From 44cb060785b82719a26b7e78f7116cb2393a390f Mon Sep 17 00:00:00 2001
From: Yineng Zhang <me@zhyncs.com>
Date: Thu, 9 Oct 2025 14:17:54 -0700
Subject: [PATCH] chore: upgrade flashinfer 0.4.0 (#11364)

---
 python/pyproject.toml                                        | 2 +-
 python/pyproject_other.toml                                  | 2 +-
 python/sglang/srt/entrypoints/engine.py                      | 2 +-
 python/sglang/srt/layers/attention/flashinfer_mla_backend.py | 2 +-
 scripts/ci/ci_install_dependency.sh                          | 2 ++
 5 files changed, 6 insertions(+), 4 deletions(-)

diff --git a/python/pyproject.toml b/python/pyproject.toml
index 78ee0041a..5d7c74a8a 100755
--- a/python/pyproject.toml
+++ b/python/pyproject.toml
@@ -24,7 +24,7 @@ dependencies = [
   "datasets",
   "einops",
   "fastapi",
-  "flashinfer_python==0.4.0rc3",
+  "flashinfer_python==0.4.0",
   "hf_transfer",
   "huggingface_hub",
   "interegular",
diff --git a/python/pyproject_other.toml b/python/pyproject_other.toml
index 4d20b593b..9f3861a51 100755
--- a/python/pyproject_other.toml
+++ b/python/pyproject_other.toml
@@ -70,7 +70,7 @@ srt = [
     "torchaudio==2.8.0",
     "torchvision",
     "cuda-python",
-    "flashinfer_python==0.4.0rc3",
+    "flashinfer_python==0.4.0",
 ]
 
 # HIP (Heterogeneous-computing Interface for Portability) for AMD
diff --git a/python/sglang/srt/entrypoints/engine.py b/python/sglang/srt/entrypoints/engine.py
index 7f5d74302..a9f88dbf8 100644
--- a/python/sglang/srt/entrypoints/engine.py
+++ b/python/sglang/srt/entrypoints/engine.py
@@ -703,7 +703,7 @@ def _set_envs_and_config(server_args: ServerArgs):
     if server_args.attention_backend == "flashinfer":
         assert_pkg_version(
             "flashinfer_python",
-            "0.4.0rc3",
+            "0.4.0",
             "Please uninstall the old version and "
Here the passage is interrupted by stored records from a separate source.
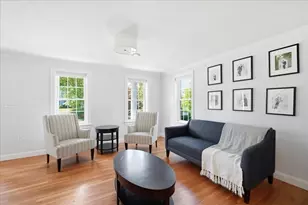 7 Fountain Knoll Ln, Kingston, MA 02364 - Photo 12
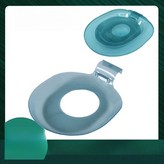 스팀 좌석판 × 1개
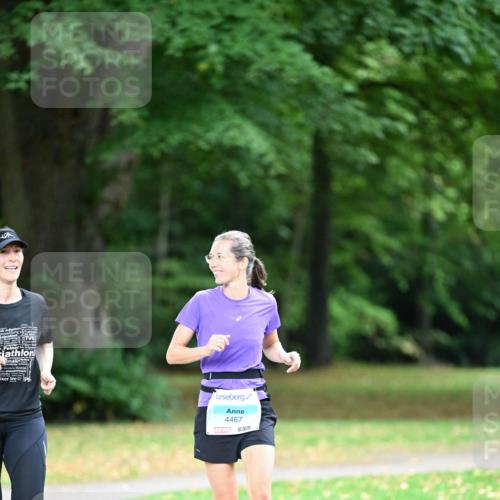 30.08.2026 - Blankeneser Heldenlauf Dr. Thomas Lammeyer http://msf.ph/oto/10046357 30.08.2026 11:24:17 Laufen 7, 4467 meine-sportfotos.de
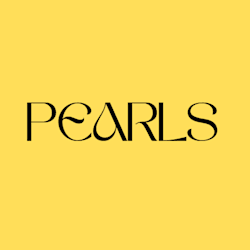 pearlsaustin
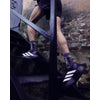 Swiftwick Flite XT Mid-Crew Socks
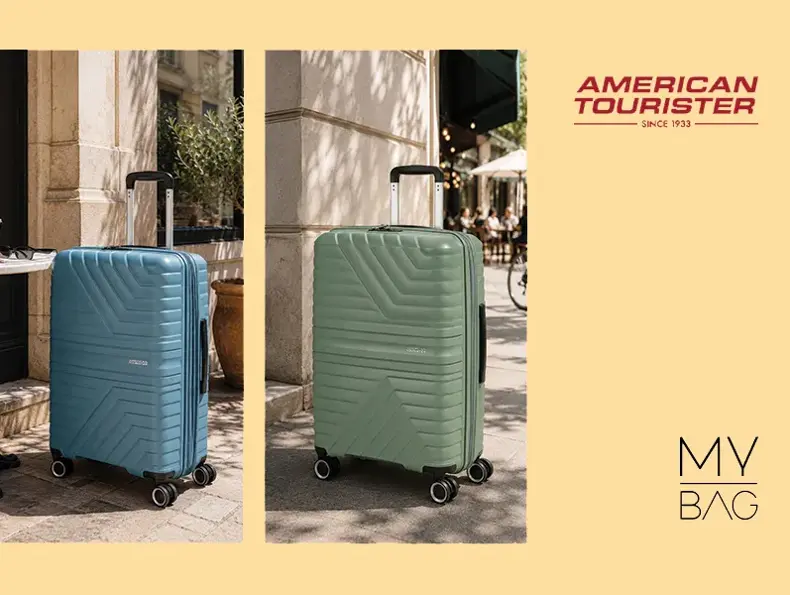 mybag-flytwist-american-tourister-uke21-4.3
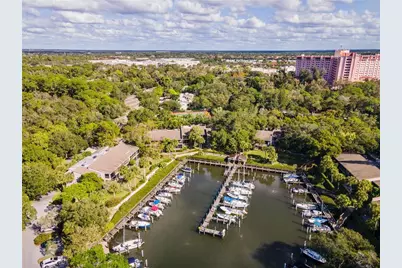 1647 Brookhouse Court #246, Sarasota, FL 34231 - Photo 16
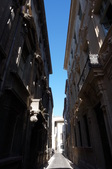 Enlarge photo 35
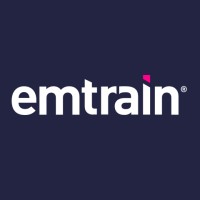 Emtrain Logo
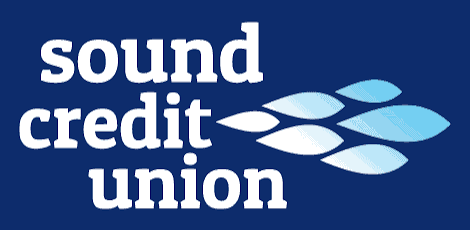 Sound Credit Union
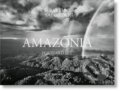 Kniha: Sebastiao Salgado. Amazônia. Postcard Set (Sebastiao Salgado). Taschen, 2022 Kniha: Sebastiao Salgado. Amazônia. Postcard Set (Sebastiao Salgado). Taschen, 2022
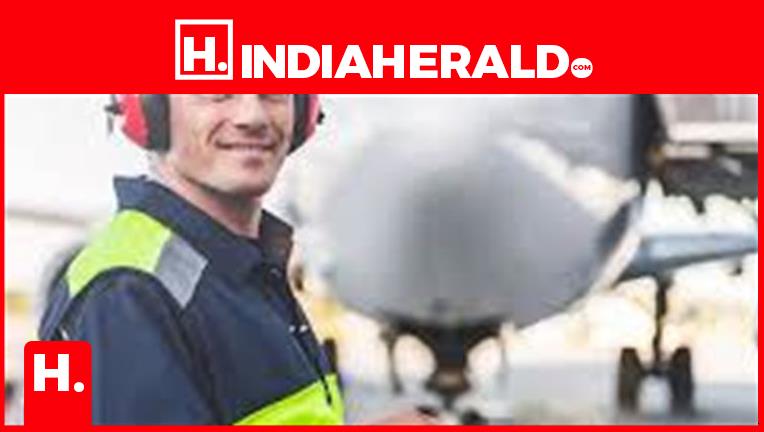 Airport Jobs: How to Get a Job at an Airport and What Educational Qualifications Are Needed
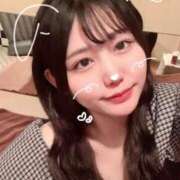 こころ 久しぶりの出勤✨ 池袋マリン別館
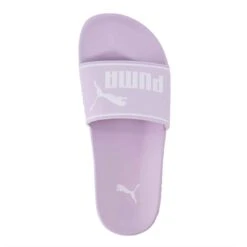 Puma - Women's Leadcat 2.0 Slides (388415 08) 8 Puma - Women's Leadcat 2.0 Slides (388415 08) -Shoe Sales Store Puma Women s Leadcat 2.0 388415 08 04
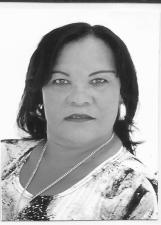 LOURDES GOMES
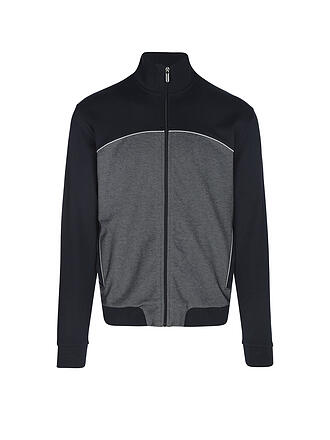 BOSS | Maglione Loungewear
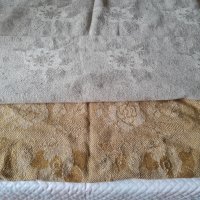 Вълнени одеяла 100%, снимка 1 - Олекотени завивки и одеяла - 42350601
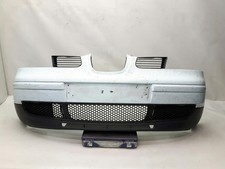 Seat Arosa 6H BJ2002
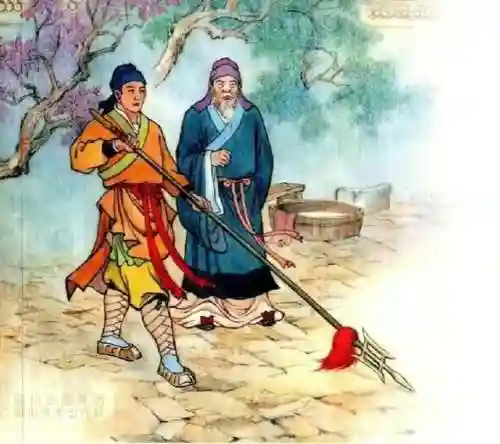 剑盾格斗阵容搭配图片高清(剑盾一周目阵容推荐)插图5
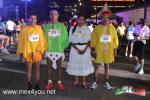 Filename=26-08-2018-04.jpg
Filesize=182KiB
Dimensions=1152x768
Date added=Aug 26, 2018 26-08-2018-04.jpg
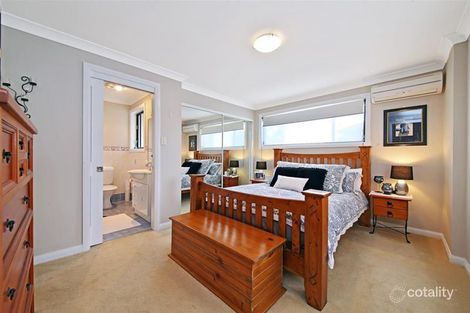Property photo of 67A Milford Avenue Panania NSW 2213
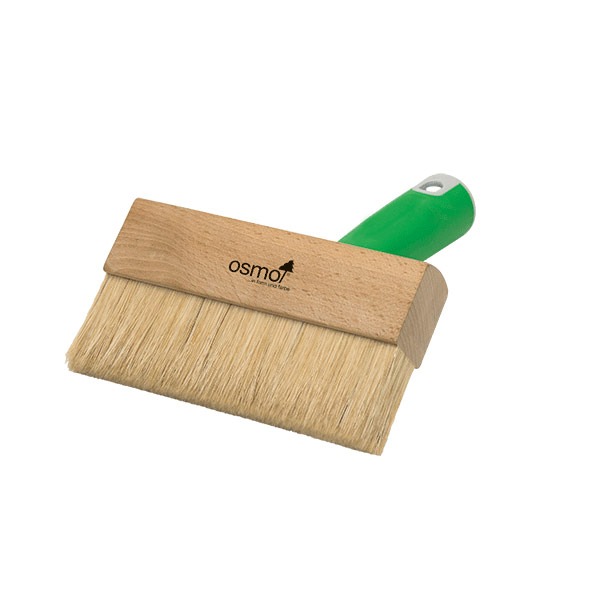 Osmo Floor Brush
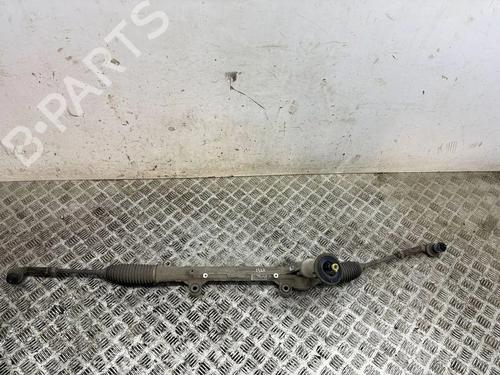 Used Steering rack Steering rack 32677882 32677882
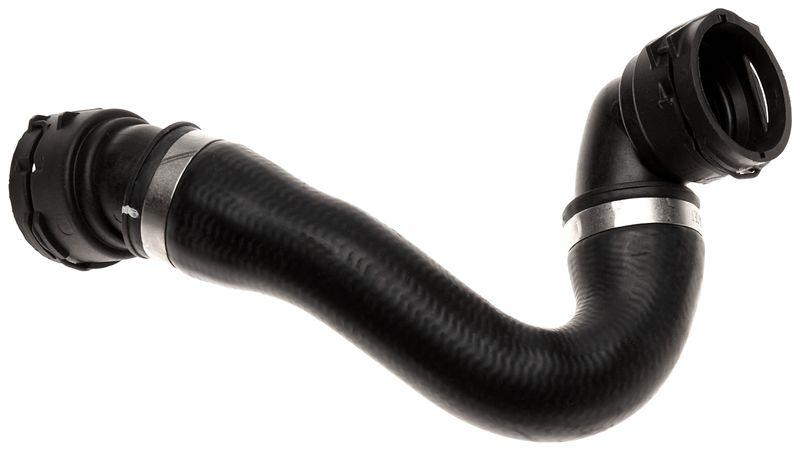 GATES Radiator Hose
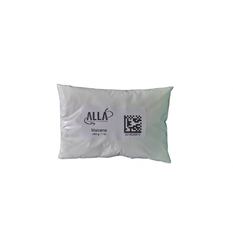 Maicena (454 g / 1 lb)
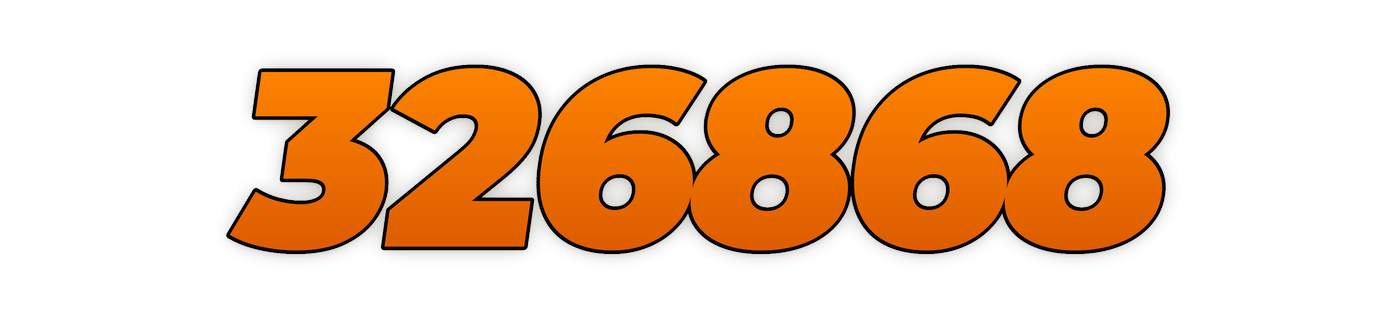 326868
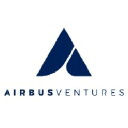 Airbus Ventures logo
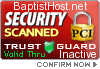 Security Verified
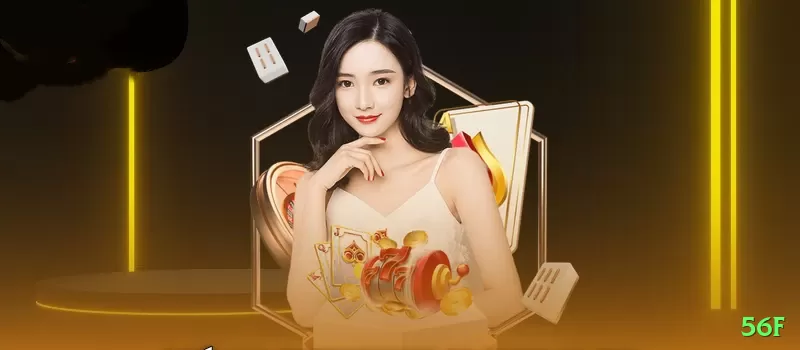 ptjogo Turbo - bônus diário Screenshot 1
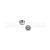 Форсунка душа моющего DW10369 DIHR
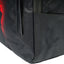 Rucksack eARTh Batman Red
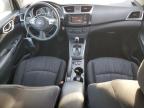 2017 Nissan Sentra S zu verkaufen in Columbus, OH - Mechanical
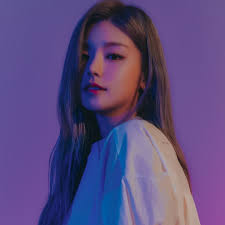 Out that lia used to do osts for disney. Pin By Ahst 06 On Hwang Yejii Itzy Instagram Posts Instagram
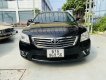 Toyota Camry 2010 - Xe sang cực đẹp, bao test hãng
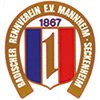 Badischer Rennverein Mannheim-Seckenheim e.V.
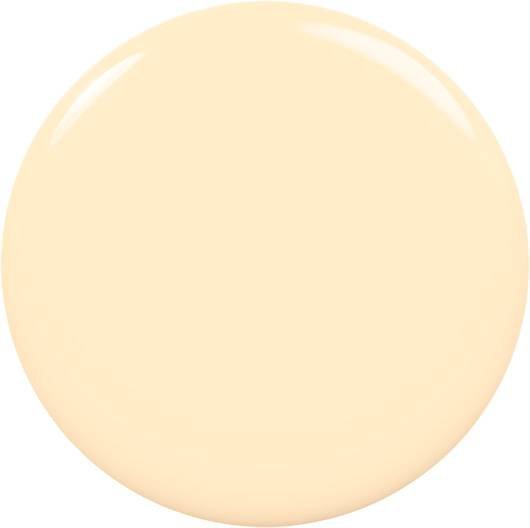 Busy beeline-expressie-vernis-02-Essie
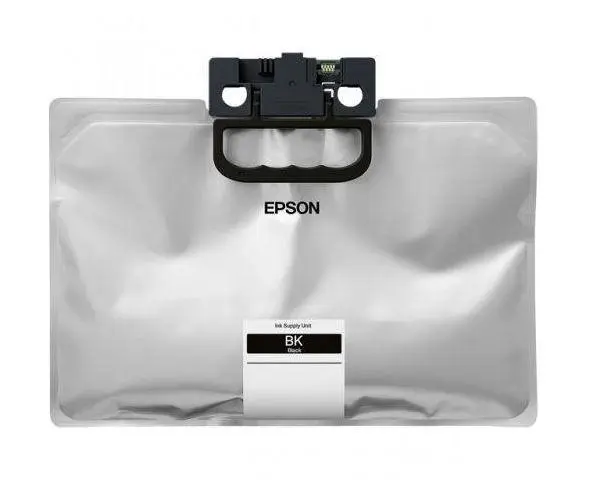 Cartuș Epson T01D1 negru XL 50.000 pagini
             "reinstall the latest version by following the instructions "
             "at https://docs.flashinfer.ai/installation.html.",
diff --git a/python/sglang/srt/layers/attention/flashinfer_mla_backend.py b/python/sglang/srt/layers/attention/flashinfer_mla_backend.py
index e785b6013..21e6772bf 100644
--- a/python/sglang/srt/layers/attention/flashinfer_mla_backend.py
+++ b/python/sglang/srt/layers/attention/flashinfer_mla_backend.py
@@ -1060,7 +1060,7 @@ def fast_mla_decode_plan(
 
     try:
         # Standard version with just the required arguments (no use_profiler)
-        self._cached_module.plan.default(
+        self._cached_module.plan(
             self._float_workspace_buffer,
             self._int_workspace_buffer,
             self._pin_memory_int_workspace_buffer,
diff --git a/scripts/ci/ci_install_dependency.sh b/scripts/ci/ci_install_dependency.sh
index b3502e342..f6cf46dff 100755
--- a/scripts/ci/ci_install_dependency.sh
+++ b/scripts/ci/ci_install_dependency.sh
@@ -74,3 +74,5 @@ fi
 # Show current packages
 $PIP_CMD list
 python3 -c "import torch; print(torch.version.cuda)"
+
+python3 -m flashinfer clear-cache